ACTIVITY: Two lines in the data below mark the range: the one with "锦鲤已测|74套大数据可视化大屏模板源码下载 HTML 第3张" and the one with "Imagem: steamdb.info". Return both, along with every line between them, exactly.

RECORDED DATA:
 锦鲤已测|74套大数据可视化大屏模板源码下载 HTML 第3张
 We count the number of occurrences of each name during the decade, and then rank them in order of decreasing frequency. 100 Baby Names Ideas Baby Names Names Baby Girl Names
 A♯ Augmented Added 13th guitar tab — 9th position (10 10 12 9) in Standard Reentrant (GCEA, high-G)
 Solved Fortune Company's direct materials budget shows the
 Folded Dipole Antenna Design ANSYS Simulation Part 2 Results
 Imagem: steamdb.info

* * *

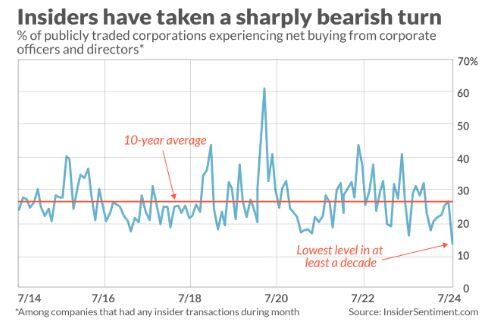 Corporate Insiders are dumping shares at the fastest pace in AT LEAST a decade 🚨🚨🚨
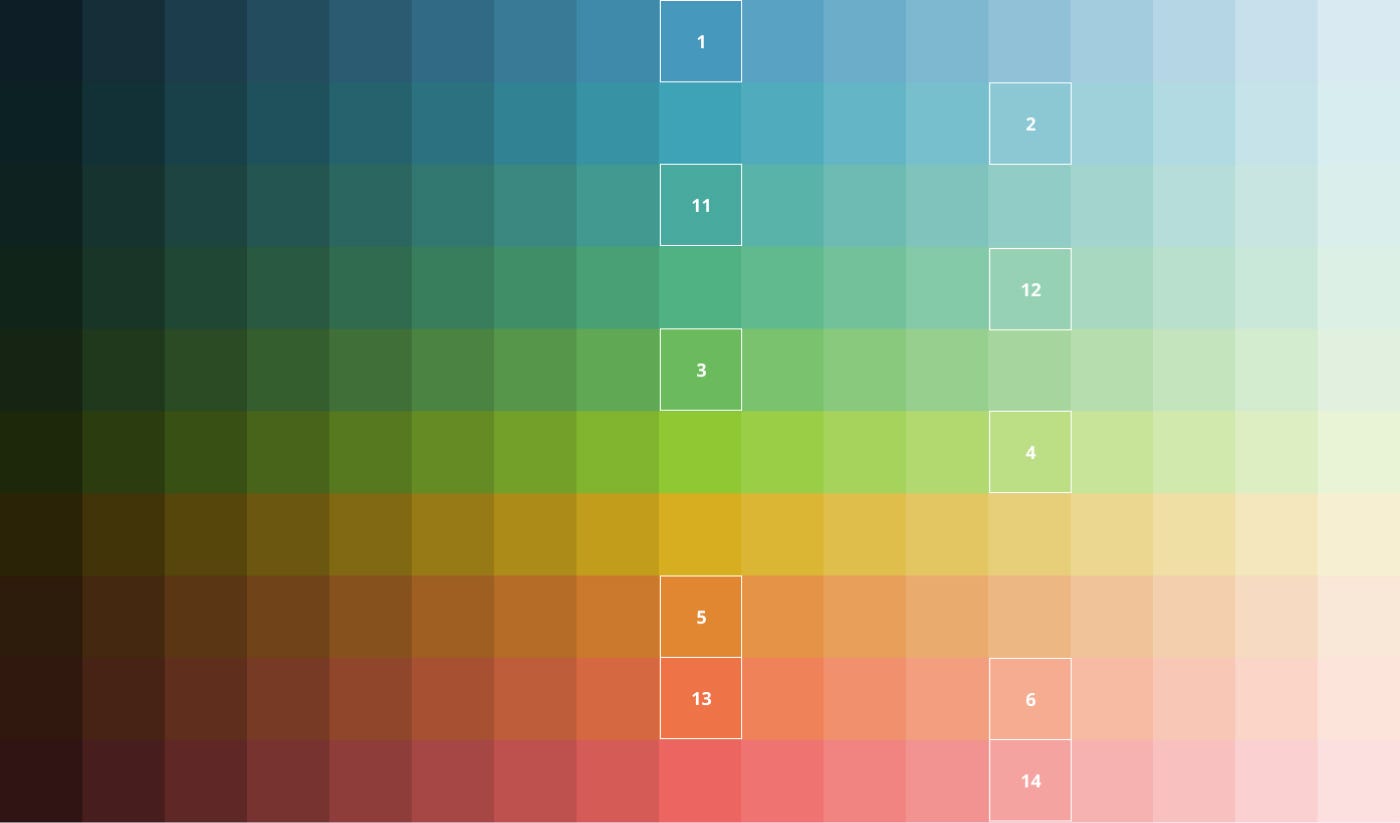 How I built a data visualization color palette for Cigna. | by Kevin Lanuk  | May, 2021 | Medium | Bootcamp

==

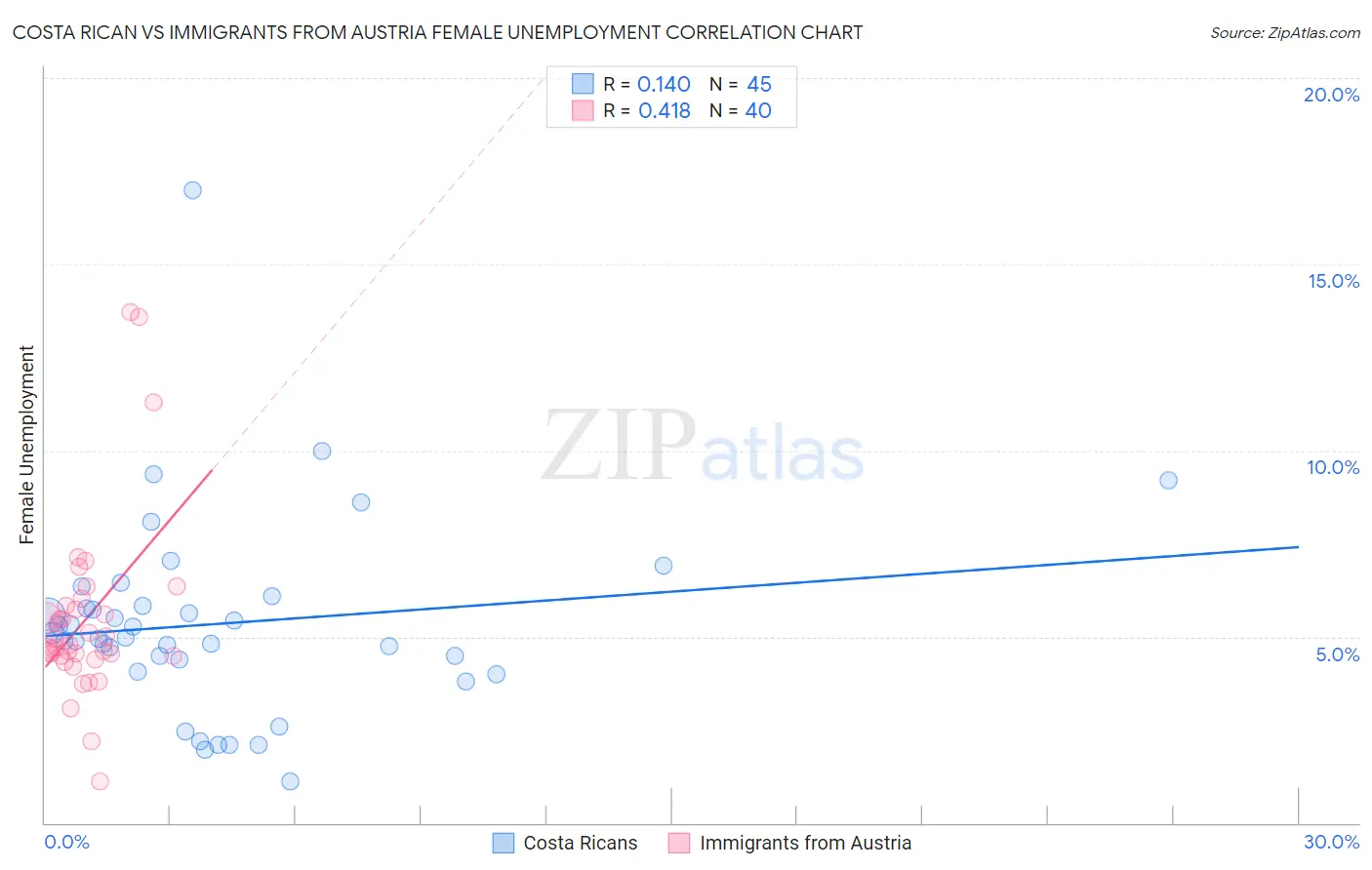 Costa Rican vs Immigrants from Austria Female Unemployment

REPLY:
 锦鲤已测|74套大数据可视化大屏模板源码下载 HTML 第3张
 We count the number of occurrences of each name during the decade, and then rank them in order of decreasing frequency. 100 Baby Names Ideas Baby Names Names Baby Girl Names
 A♯ Augmented Added 13th guitar tab — 9th position (10 10 12 9) in Standard Reentrant (GCEA, high-G)
 Solved Fortune Company's direct materials budget shows the
 Folded Dipole Antenna Design ANSYS Simulation Part 2 Results
 Imagem: steamdb.info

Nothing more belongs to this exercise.